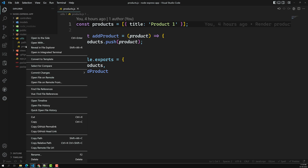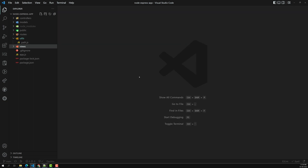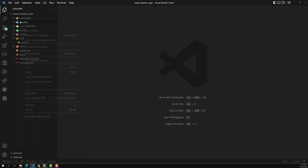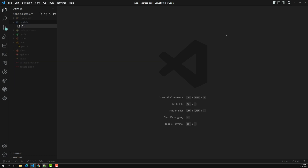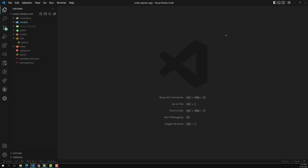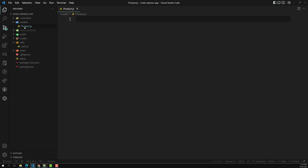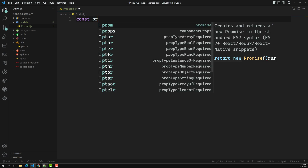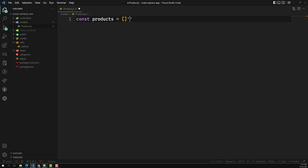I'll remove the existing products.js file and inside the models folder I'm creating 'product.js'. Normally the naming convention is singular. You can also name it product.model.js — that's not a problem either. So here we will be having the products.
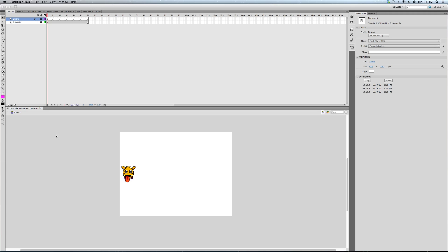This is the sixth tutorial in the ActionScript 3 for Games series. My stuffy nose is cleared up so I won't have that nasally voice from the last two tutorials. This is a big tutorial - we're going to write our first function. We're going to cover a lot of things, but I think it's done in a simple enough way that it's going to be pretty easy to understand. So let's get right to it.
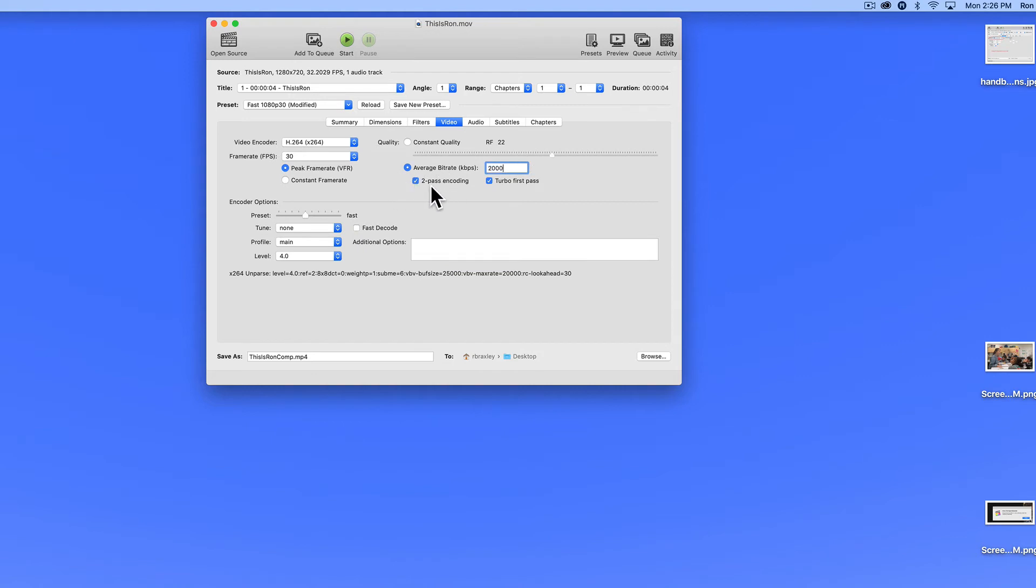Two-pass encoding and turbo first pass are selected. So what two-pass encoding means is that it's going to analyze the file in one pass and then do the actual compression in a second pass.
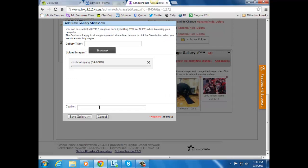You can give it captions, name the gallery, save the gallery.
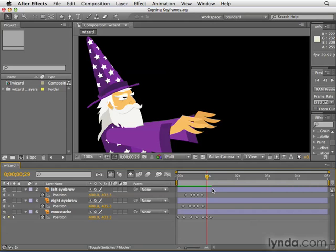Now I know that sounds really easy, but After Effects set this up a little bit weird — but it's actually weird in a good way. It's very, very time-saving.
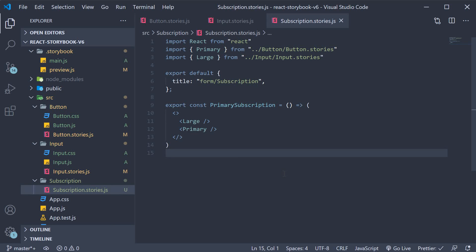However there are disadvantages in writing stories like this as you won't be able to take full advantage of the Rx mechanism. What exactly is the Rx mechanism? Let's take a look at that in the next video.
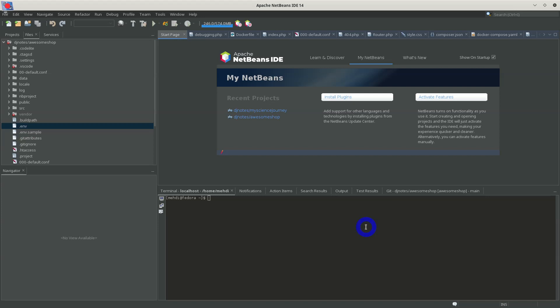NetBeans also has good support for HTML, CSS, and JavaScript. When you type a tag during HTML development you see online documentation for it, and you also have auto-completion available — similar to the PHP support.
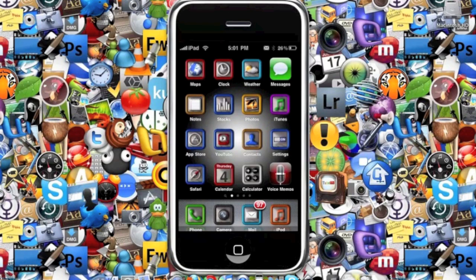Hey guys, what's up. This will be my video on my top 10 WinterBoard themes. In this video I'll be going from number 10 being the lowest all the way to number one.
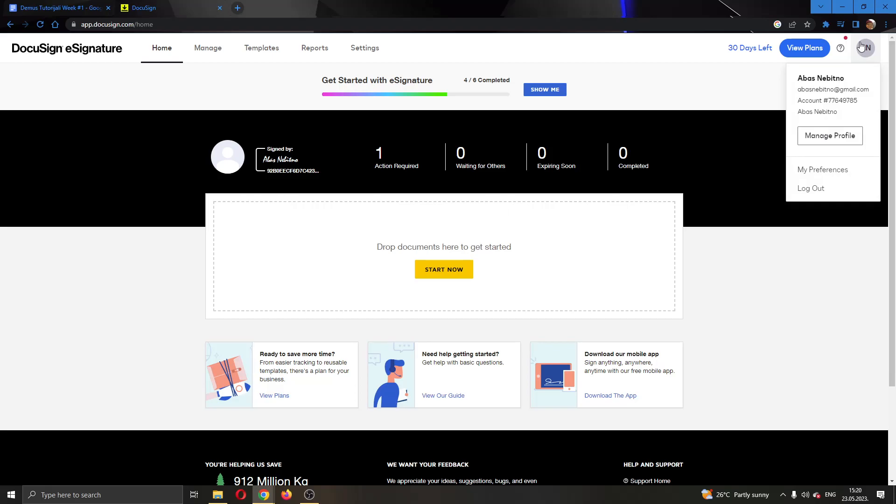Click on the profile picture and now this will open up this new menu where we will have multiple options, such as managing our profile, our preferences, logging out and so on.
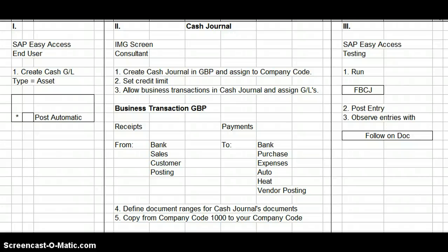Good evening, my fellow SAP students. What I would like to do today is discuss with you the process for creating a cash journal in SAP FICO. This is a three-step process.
##########
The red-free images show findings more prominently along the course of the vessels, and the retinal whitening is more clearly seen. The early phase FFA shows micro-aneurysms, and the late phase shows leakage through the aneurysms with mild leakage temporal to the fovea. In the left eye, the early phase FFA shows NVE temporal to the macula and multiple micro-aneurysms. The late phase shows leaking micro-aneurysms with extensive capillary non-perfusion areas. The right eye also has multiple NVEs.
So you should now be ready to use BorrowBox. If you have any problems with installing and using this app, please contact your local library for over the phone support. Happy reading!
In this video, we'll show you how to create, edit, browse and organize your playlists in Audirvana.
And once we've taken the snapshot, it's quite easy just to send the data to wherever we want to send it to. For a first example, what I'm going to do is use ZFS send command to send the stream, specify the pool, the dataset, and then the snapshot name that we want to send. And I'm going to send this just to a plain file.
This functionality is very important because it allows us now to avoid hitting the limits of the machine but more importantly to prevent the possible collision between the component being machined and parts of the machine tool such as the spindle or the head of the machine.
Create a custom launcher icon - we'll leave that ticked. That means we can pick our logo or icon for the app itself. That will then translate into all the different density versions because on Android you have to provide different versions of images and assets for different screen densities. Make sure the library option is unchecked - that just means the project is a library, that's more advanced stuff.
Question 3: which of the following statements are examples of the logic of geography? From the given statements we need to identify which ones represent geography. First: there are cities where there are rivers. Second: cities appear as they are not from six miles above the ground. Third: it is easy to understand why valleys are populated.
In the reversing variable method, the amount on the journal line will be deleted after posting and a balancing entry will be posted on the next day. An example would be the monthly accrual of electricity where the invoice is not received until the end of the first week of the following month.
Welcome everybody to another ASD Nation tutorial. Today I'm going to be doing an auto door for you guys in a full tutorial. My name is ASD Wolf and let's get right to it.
##########
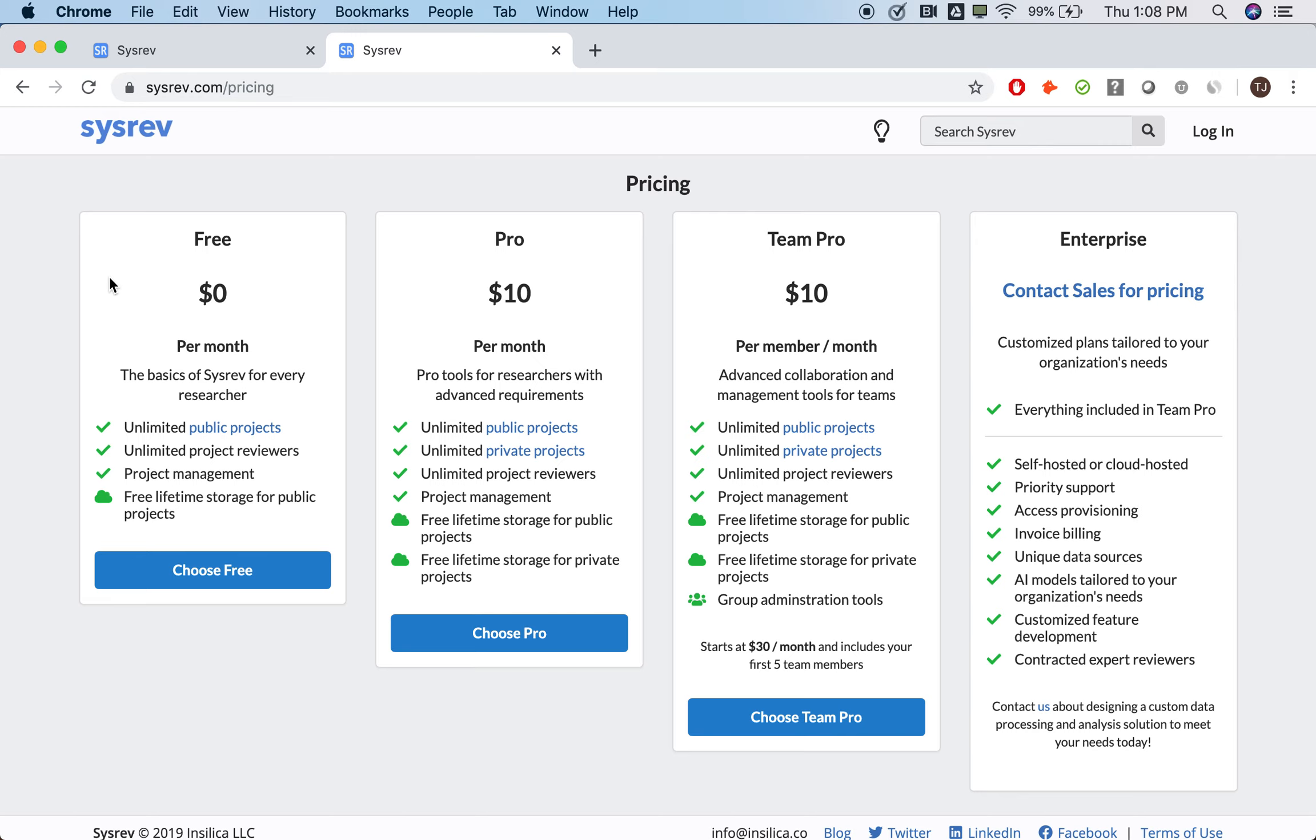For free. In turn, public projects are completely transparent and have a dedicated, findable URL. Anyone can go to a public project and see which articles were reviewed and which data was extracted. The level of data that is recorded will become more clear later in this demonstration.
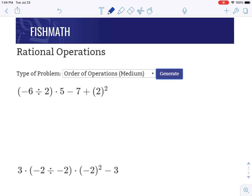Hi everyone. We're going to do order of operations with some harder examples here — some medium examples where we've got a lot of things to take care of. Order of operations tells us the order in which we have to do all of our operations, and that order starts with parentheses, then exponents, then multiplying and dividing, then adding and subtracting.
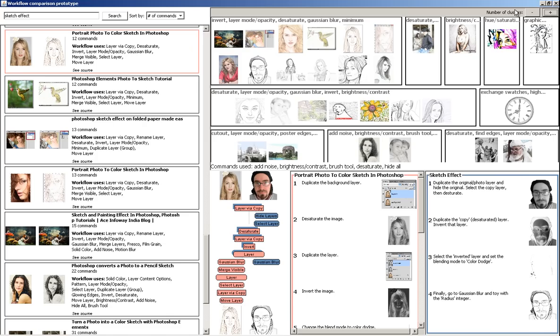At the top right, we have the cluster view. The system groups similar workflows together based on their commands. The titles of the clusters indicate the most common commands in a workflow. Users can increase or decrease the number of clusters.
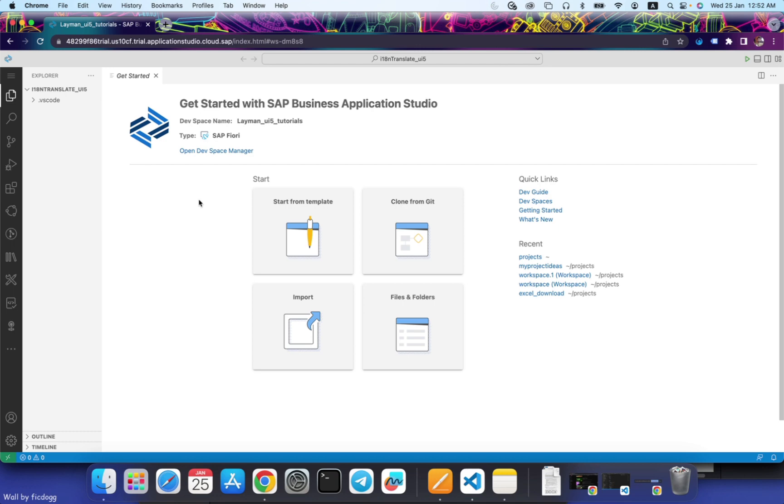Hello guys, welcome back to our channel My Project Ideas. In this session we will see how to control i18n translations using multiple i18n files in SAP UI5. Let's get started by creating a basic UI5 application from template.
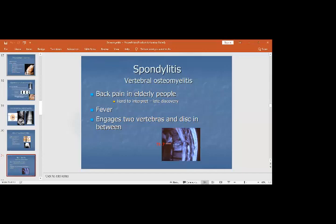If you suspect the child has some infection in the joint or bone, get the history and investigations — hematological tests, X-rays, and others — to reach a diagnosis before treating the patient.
##########
§ TASK INSTRUCTIONS
Go through the lines above and copy any that contain "your".

§ TASK OUTPUT
So you should now be ready to use BorrowBox. If you have any problems with installing and using this app, please contact your local library for over the phone support. Happy reading!
In this video, we'll show you how to create, edit, browse and organize your playlists in Audirvana.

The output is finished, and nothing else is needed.